======== Records shown ========

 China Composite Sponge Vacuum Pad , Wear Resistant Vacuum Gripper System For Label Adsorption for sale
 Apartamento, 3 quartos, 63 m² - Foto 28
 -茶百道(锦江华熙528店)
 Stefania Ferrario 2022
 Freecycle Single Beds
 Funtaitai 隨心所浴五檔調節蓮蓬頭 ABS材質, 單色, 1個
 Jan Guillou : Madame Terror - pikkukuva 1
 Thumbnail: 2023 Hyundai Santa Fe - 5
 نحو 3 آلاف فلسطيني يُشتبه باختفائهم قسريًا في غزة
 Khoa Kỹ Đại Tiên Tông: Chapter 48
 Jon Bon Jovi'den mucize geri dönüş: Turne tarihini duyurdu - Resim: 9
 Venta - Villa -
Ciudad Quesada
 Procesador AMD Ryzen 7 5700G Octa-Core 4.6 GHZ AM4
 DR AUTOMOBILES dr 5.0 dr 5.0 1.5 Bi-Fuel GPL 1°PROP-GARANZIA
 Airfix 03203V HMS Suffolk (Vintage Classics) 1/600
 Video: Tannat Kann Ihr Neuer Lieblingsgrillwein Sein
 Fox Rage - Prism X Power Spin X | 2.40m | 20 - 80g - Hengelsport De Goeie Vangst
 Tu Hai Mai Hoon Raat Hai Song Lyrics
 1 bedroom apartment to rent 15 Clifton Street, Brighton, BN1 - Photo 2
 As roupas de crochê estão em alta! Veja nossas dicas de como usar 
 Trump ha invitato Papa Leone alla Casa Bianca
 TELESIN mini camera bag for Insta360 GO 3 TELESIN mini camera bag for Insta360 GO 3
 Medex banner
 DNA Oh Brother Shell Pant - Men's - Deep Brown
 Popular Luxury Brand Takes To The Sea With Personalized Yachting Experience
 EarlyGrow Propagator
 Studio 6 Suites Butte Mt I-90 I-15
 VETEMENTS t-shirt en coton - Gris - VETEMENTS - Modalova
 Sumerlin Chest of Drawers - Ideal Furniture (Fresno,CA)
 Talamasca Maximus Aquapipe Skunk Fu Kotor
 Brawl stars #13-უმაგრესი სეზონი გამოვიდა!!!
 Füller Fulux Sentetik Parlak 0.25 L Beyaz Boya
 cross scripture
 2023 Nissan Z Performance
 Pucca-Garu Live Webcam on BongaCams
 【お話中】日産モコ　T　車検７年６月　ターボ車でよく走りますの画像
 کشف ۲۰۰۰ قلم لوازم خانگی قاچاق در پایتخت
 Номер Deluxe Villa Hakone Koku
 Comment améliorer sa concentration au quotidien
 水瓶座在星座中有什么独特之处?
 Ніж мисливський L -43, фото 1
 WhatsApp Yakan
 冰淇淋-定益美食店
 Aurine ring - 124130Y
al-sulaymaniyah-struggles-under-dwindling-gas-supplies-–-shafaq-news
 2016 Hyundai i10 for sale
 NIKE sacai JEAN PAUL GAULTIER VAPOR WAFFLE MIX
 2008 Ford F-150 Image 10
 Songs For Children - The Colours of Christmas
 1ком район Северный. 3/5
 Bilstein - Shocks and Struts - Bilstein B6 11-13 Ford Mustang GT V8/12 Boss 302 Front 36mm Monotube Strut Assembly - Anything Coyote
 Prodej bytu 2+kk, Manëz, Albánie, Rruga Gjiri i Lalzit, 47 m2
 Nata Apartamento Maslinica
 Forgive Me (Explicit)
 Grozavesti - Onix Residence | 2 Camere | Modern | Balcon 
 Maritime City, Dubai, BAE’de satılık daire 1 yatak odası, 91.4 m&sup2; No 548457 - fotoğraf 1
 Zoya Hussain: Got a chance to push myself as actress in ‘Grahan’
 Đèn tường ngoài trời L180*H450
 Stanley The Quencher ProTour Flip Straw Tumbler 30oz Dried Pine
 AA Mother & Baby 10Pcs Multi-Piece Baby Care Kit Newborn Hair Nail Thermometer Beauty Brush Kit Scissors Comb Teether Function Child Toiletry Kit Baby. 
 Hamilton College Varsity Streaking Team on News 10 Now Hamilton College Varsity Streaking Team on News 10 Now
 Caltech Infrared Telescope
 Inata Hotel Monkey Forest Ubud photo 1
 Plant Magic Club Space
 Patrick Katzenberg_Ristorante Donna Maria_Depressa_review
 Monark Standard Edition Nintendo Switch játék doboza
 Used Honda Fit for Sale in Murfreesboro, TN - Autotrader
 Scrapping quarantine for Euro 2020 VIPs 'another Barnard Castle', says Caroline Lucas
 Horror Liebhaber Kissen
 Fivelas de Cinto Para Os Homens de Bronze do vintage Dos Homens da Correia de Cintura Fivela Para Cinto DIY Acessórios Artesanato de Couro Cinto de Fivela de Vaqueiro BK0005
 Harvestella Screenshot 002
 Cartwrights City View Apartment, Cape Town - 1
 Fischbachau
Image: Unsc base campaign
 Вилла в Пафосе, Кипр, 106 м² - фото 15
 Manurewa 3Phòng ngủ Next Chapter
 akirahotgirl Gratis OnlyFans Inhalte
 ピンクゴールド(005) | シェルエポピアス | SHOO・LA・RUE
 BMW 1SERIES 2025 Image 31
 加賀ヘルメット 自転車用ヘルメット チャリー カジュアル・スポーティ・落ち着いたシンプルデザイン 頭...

========

Output must be limited to the lines beginning with the one that contains "akirahotgirl Gratis OnlyFans Inhalte" and ending with the last line of the entries, reproduced exactly.

 akirahotgirl Gratis OnlyFans Inhalte
 ピンクゴールド(005) | シェルエポピアス | SHOO・LA・RUE
 BMW 1SERIES 2025 Image 31
 加賀ヘルメット 自転車用ヘルメット チャリー カジュアル・スポーティ・落ち着いたシンプルデザイン 頭...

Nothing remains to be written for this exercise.